On the long running hit game show, "Let's Make a Deal," Monty Hall would ask the contestant which of three doors he or she wants. Behind each door is a prize, only one of which is valuable. After the contestant chooses a door, Hall opened one of the other doors and revealed a worthless prize. Then he would ask the contestant if he or she wanted to switch doors. To maximize chances of winning, one should always switch.

To analyze the problem, suppose I were to pick door number 1 and then was revealed door number 3 to be the worthless prize. Now I know the prize is either behind the door I chose or door number 2. It appears that the probability of winning is 50% and switching doesn't increase or decrease my chances.
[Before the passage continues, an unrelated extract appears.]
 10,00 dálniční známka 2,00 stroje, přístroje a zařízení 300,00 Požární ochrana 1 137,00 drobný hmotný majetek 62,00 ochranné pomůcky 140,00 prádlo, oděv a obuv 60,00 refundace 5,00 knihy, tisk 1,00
Think of the problem this way. The probability that the prize is behind door number 1 given that the prize is not behind door number 3. The probability behind door number 1 equals 1/3 since there are 3 doors to choose from. The probability the prize is behind door number 1 or 2 knowing it is not behind door number 3 is 1/2.

The problem involves the use of conditional probability. Suppose you have events A and B, then the probability of A given B equals the probability of A and B divided by the probability of B. This is denoted as P(A/B) = P(A and B)/P(B).

Using the formula for conditional probability, you will find the probability of winning if switching is (1/3)/(1/2) = 2/3. Another way to think of this is that if you switch, the only way that you lose is if the prize was behind the door you initially picked, which has probability of winning 1/3. So the probability that you win is 1 - 1/3 = 2/3.

Although switching doesn't seem to give the best chance of winning, you can conduct an experiment. Play the game with someone assuming the role of Monty Hall and you'll find out as you increase the number of games you play, you'll win approximately 2 out 3 times.